→ **Supplied records**:
· · · · ·
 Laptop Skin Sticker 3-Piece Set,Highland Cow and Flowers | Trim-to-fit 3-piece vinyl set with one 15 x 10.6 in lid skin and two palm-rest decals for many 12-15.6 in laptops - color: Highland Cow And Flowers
· · · · ·
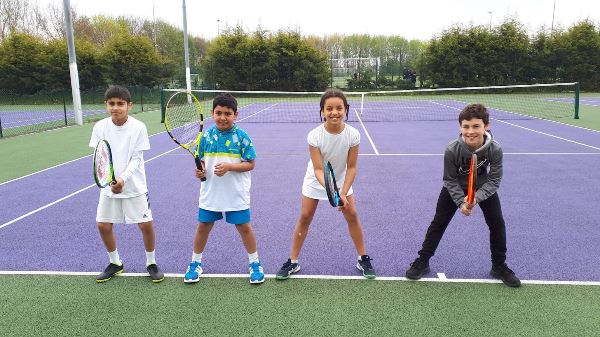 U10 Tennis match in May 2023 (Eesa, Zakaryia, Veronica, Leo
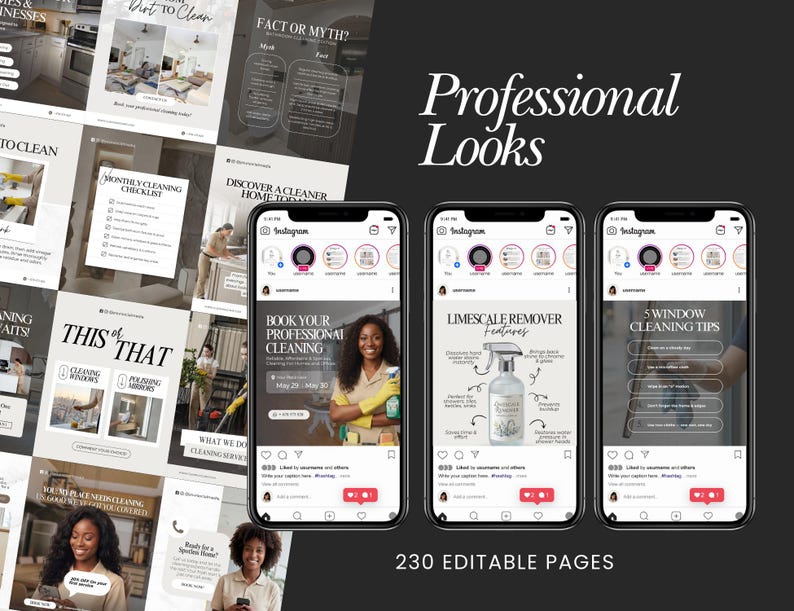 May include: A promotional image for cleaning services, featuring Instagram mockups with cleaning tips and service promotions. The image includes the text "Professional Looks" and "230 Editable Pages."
· · · · ·
→ **What the task asks**:
In the listing above, find the line with "U10 Tennis match" and the line with "May include: A". Copy exactly those lines and all between them, minus the images.

→ **Task result**:
 U10 Tennis match in May 2023 (Eesa, Zakaryia, Veronica, Leo
 May include: A promotional image for cleaning services, featuring Instagram mockups with cleaning tips and service promotions. The image includes the text "Professional Looks" and "230 Editable Pages."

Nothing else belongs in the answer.